- WHAT YOU WILL DO: Where the data below begins, start duplicating lines exactly, and finish with the line containing "Three members of"; add nothing else. Leave the pictures out.

- INPUT MATERIAL:
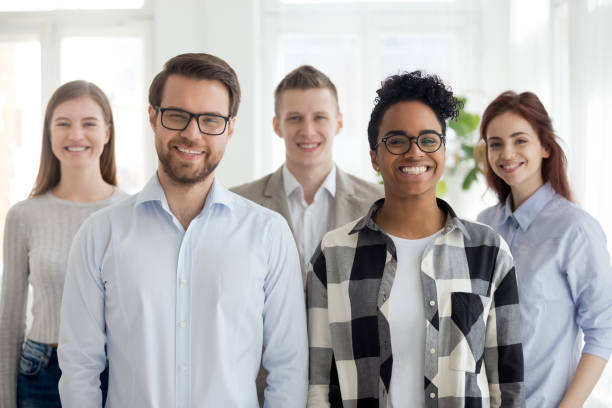 istock Multiethnic professional leaders and employees looking at camera, portrait 1127950060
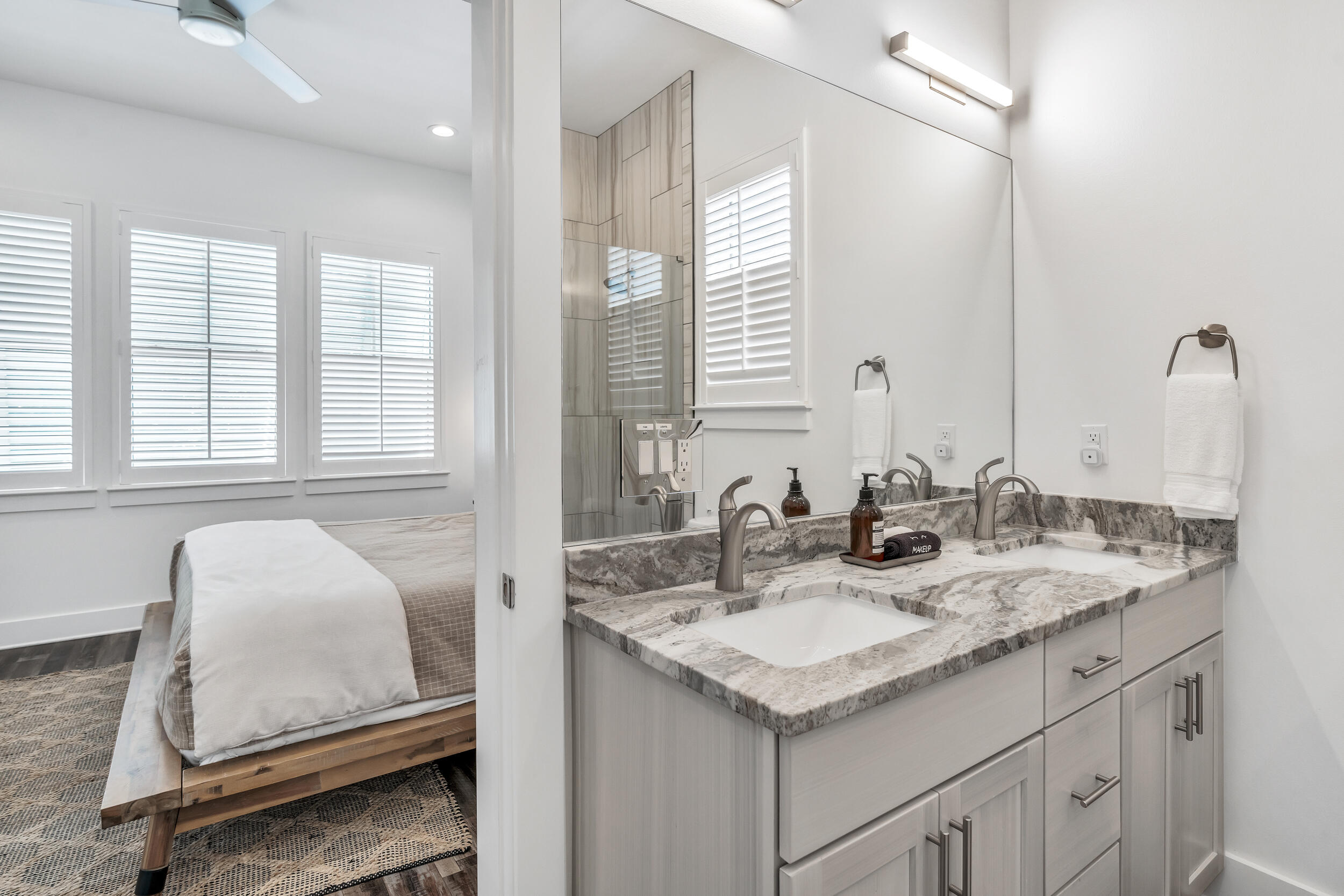 88 Pompano Street Destin, FL 32541 - Photo 21 of 109 a bathroom with a granite countertop sink and a mirror
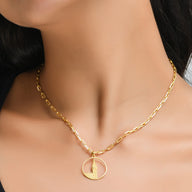 Big Ben Medium Necklace – Gold – Pendant or earrings inspired by London’s iconic Big Ben tower – elegant architectural design on model neck zoom in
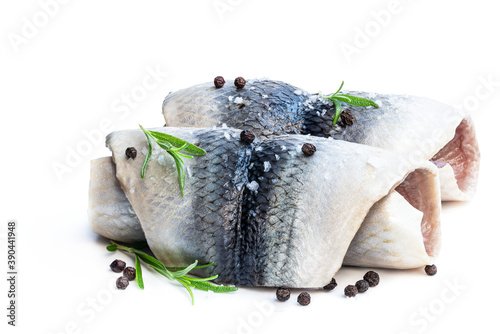 Marinated herring rolls with herbs isolated on white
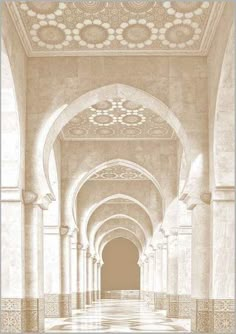 an ornate hallway with columns and arches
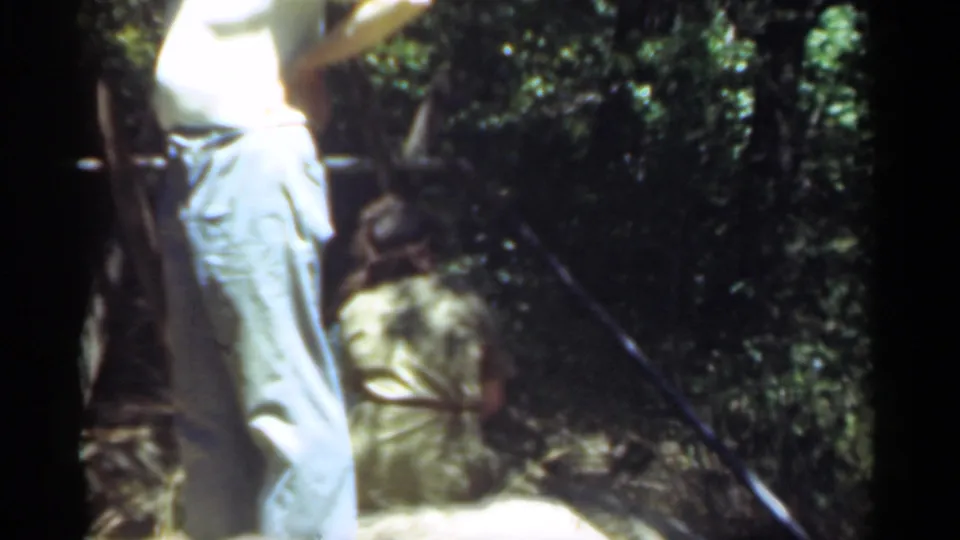 A cropped view from the Santa Cruz home movie shows the man standing near a tree, with a crouched figure at lower right.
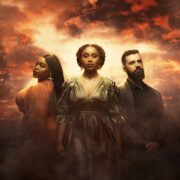 Three members of the cast stand in dramatic lighting against a cloudy, orange-lit sky: two women in ornate dresses, evoking Queen of the Fight, and a bearded man in dark clothing reminiscent of James IV.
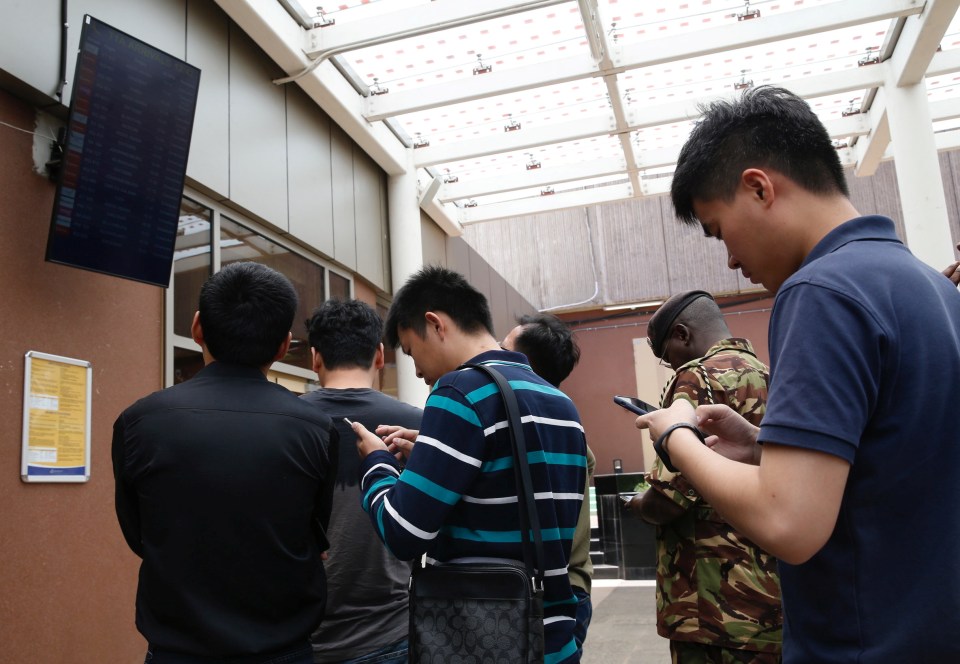 People wait for news on the crashed plane and other delayed flights in Nairobi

- OUTPUT FOR THIS EXERCISE:
 istock Multiethnic professional leaders and employees looking at camera, portrait 1127950060
 88 Pompano Street Destin, FL 32541 - Photo 21 of 109 a bathroom with a granite countertop sink and a mirror
 Big Ben Medium Necklace – Gold – Pendant or earrings inspired by London’s iconic Big Ben tower – elegant architectural design on model neck zoom in
 Marinated herring rolls with herbs isolated on white
 an ornate hallway with columns and arches
 A cropped view from the Santa Cruz home movie shows the man standing near a tree, with a crouched figure at lower right.
 Three members of the cast stand in dramatic lighting against a cloudy, orange-lit sky: two women in ornate dresses, evoking Queen of the Fight, and a bearded man in dark clothing reminiscent of James IV.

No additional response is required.